Prompt Eval Methodology — Picking a Prompt Like an Engineer

Article summary

Pick a small fixed eval set (10–50 inputs), define a binary or 4-point success rubric, run both prompts at temperature 0 (or with multiple seeds), score the outputs, and compare. Most "this prompt is better" decisions are made on 1–2 examples, which is below the level where you can tell signal from noise. A 10-input eval takes 30 minutes and reaches actual conclusions.

Most prompt iteration goes like this: change the prompt, run it once, eyeball the output, decide. That process is almost always wrong. Sample size of one cannot distinguish "this is better" from "this happened to look better this time."

A proper prompt eval takes about half an hour and ends with an answer you can defend.

Step 1: build the eval set

Collect 10–50 representative inputs. "Representative" means:

Real inputs if you have them. Past customer messages, past meeting transcripts, past code reviews.
Distribution-aware. If 20% of your real traffic is short and 5% is multilingual, mirror that.
Edge cases included. Empty inputs, garbage inputs, inputs in the wrong format. The model's behavior on edge cases often matters more than its behavior on the easy ones.

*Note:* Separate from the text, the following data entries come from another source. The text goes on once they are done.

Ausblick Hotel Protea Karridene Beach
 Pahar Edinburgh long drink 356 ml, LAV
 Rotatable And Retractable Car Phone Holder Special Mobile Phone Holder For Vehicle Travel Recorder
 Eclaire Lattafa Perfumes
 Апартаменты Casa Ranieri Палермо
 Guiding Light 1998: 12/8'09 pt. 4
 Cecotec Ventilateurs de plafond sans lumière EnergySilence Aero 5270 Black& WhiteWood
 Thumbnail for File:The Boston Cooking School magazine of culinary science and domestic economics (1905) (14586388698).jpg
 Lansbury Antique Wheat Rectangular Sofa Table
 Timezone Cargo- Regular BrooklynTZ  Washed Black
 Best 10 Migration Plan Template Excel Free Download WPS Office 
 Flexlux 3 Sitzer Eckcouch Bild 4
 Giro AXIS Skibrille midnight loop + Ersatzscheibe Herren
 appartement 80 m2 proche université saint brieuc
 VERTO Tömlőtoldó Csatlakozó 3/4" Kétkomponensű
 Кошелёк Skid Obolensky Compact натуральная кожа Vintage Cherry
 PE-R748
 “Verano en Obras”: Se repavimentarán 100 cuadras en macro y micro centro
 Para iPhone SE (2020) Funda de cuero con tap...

Freeze the eval set. Same inputs, every time. If you change the eval set, you have to re-run all candidates.

Step 2: define the rubric

Be specific about what "better" means. Three common rubric shapes:

Binary: did it produce the right answer? Best for classification, extraction, simple QA. Cheap to score, mechanical.
4-point: how well did it produce the answer? 0 = wrong/broken, 1 = mostly wrong, 2 = mostly right, 3 = right. Best for open-ended tasks.
Multi-dimensional: score each of (faithfulness, structure, voice, hard-errors). Best when one dimension can be great and another terrible.

Write the rubric down before you run anything. Otherwise you will subconsciously score in favor of the prompt you wrote last.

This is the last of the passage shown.